You can modify the configurations of a single node in a cluster to disable loading images on demand and enable P2P acceleration. Subsequent O&M operations on the node may overwrite the modifications. In this case, you must re-modify the configurations of the node. Perform the following operations to disable loading images on demand and enable P2P acceleration:

  1. Log on to the ACK console. In the left-side navigation pane, click Clusters.

  2. On the Clusters page, find the cluster that you want to manage and click its name. In the left-side navigation pane, choose Nodes > Nodes.

  3. On the Nodes page, click the Instance ID in the Name/IP Address/Instance ID column corresponding to the node that you want to manage.

  4. On the Instance Details tab, click Connect in the upper-right corner to connect to the node.

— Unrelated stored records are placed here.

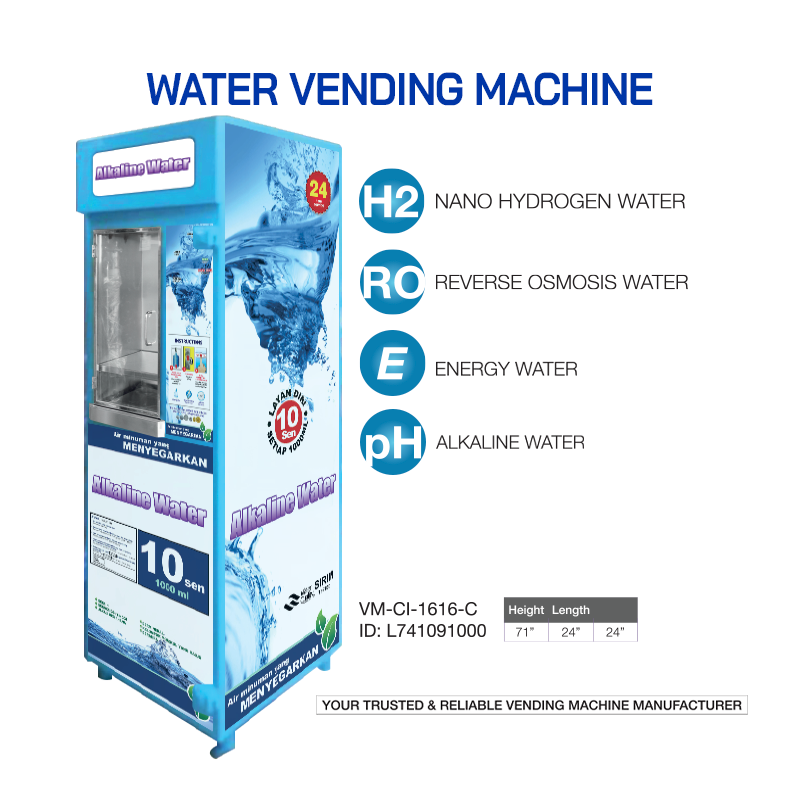 Water Vending Machine (VM-SS-1128-C/ VM-SS-1124-C/ VM-CI-1616-C)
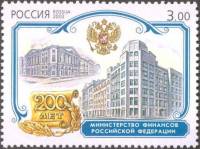 2002-065 Марка Россия Мин. финансов  200 лет первым министерствам России III O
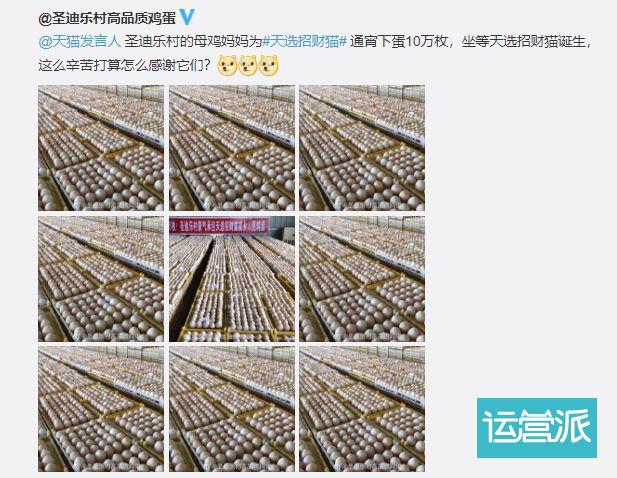 为什么品牌更愿意跟天猫玩？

  5. Run the vi command to edit the p2pConfig field in the /etc/overlaybd/overlaybd.json file by changing the value of enable to false.

    {
         "p2pConfig": {
            "enable": false,
            "address": "https://localhost:6****/accelerator"
        },
    ... ...
    }
  6. Run the following command to re-load image resources on demand:

    service overlaybd-tcmu restart

Appendix

Reference for the P2P acceleration effect

Pull images of different specifications

Image specifications that are used in the test

  • 4 GB (512 MB × 8 layers)

  • 10 GB (10 GB × 1 layer)

  • 20 GB (4 GB × 5 layers, 10 GB × 2 layers, 512 MB × 40 layers, 20 GB × 1 layer, 2 GB × 10 layers)

Test environment

  • ACK cluster: 1000 nodes

  • Specification of the Elastic Compute Service (ECS) instance: 4 vCPUs and 8 GB of memory

  • Specification of the cloud disk: 200 GB PL1 enhanced SSD (ESSD)

  • Specification of the P2P agent: 1 vCPU, 1 GB of memory, and 4 GB of cache

Test scenario

One thousand nodes pull the same image, and the image is decompressed after it is downloaded.

Test result (P95 time)

Image specification

Consumed time

Peak throughput (Gbit/s) of back-to-origin routing (buckets)

512 MB × 8 layers

116 seconds

2

10 GB × 1 layer

6 minutes and 20 seconds

1.2

4 GB × 5 layers

9 minutes and 15 seconds

5.1

10 GB × 2 layers

9 minutes and 50 seconds

6.7

512 MB × 40 layers

7 minutes and 55 seconds

3.8

20 GB × 1 layer

11 minutes

2.5

2 GB × 10 layers

8 minutes and 13 seconds

3.2